Die Schweizer Nationalmannschaft hat sich gegen Wales in der 120. Minute für die WM qualifiziert. Ex-Nati-Kickerin Kathrin Lehmann spricht nach dem Erfolg mit blue Sport über die Stärken und Schwächen der Frauen-Nati und über den Abgang von Trainer Nils Nielsen.
Kathrin Lehmann, die Schweizer Frauen-Nati hat sich zum zweiten Mal für eine Weltmeisterschaft qualifiziert. Was bedeutet das für den Schweizer Frauenfussball?
Das bedeutet unglaublich viel. Vor allen Dingen, weil jetzt alle noch die EM in Erinnerung haben. So kann man diesen Lauf, diesen Hype rund um den Frauenfussball mitnehmen. Dass es auf so dramatische Art und Weise geklappt hat, ist sehr sympathisch, und Sympathie ist immer sehr gut für die Vermarktung.
Fast 8’000 Zuschauerinnen und Zuschauer waren im Letzigrund.
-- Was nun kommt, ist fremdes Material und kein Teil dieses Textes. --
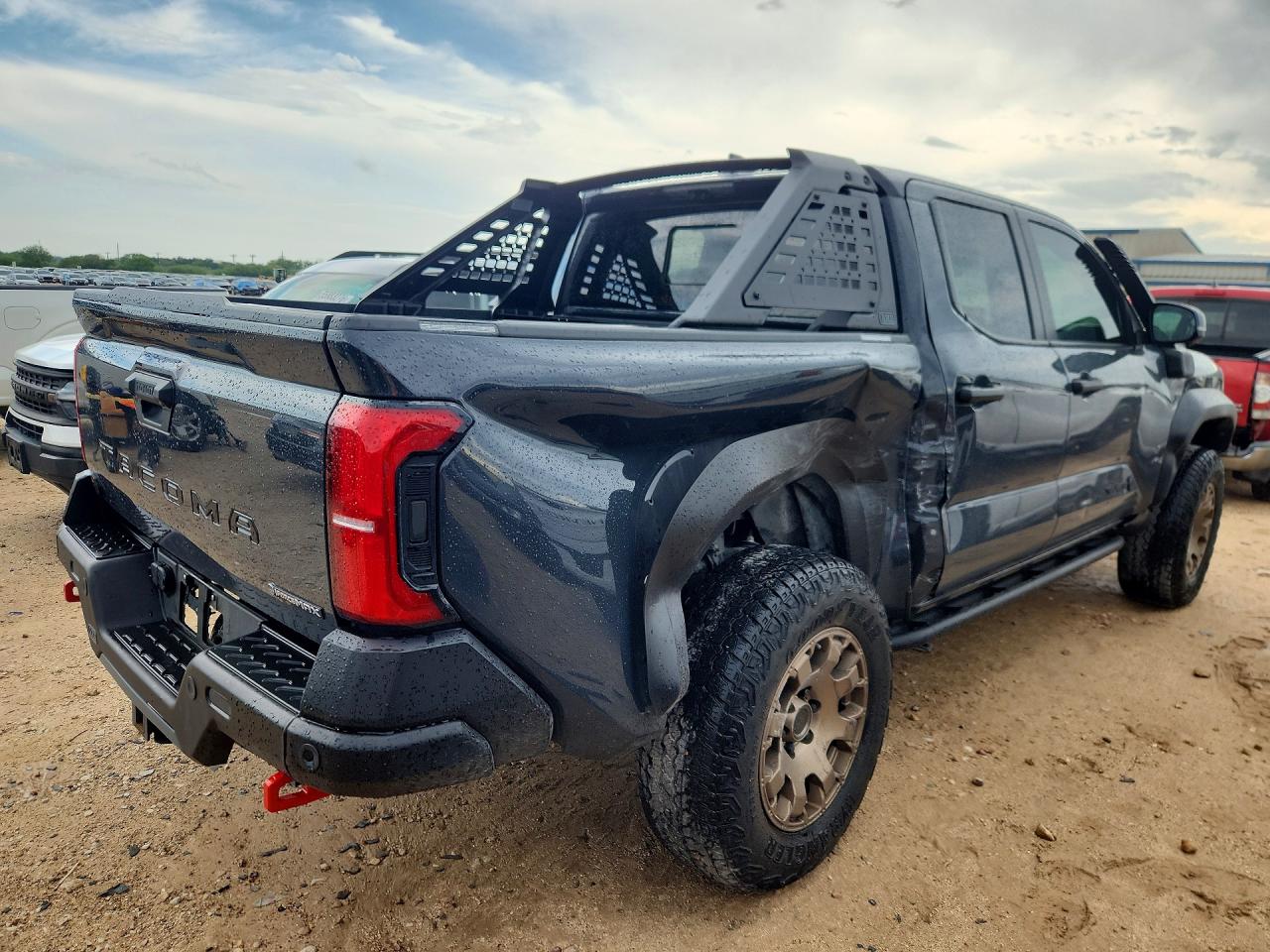 2025 Toyota Tacoma Trailhunter Hv Black vin: 3TYLC5LN6ST043657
Hinzu kommt, dass wir an vier der letzten fünf grossen Turnieren dabei waren. Sind wir auf dem richtigen Weg, was den Frauenfussball in der Schweiz betrifft?
Das würde ich so jetzt nicht nur unterschreiben. Es ist grossartig, auch für den Herrenfussball. Die Schweiz ist ein kleines Land, da ist jede Qualifikation für eine Endrunde grossartig und ganz wichtig: ein Leuchtturm. Trotzdem ist es wichtig, dass die Liga mitzieht. Die europäische Dichte ist so eng geworden. Wir können nicht immer hoffen, dass wir Crnogorcevics, Wältis und Bachmanns haben. Wir müssen die ganze Breite nach oben bringen, damit auch eine Fabienne Humm, die ja einen grossen Anteil an unserer Qualifikation hatte, nicht 100 Prozent arbeiten muss. Wir sind auf einem Weg, den müsste man noch ein bisschen teeren und schauen, dass die guten Autos draufstehen, damit wir Gas geben können.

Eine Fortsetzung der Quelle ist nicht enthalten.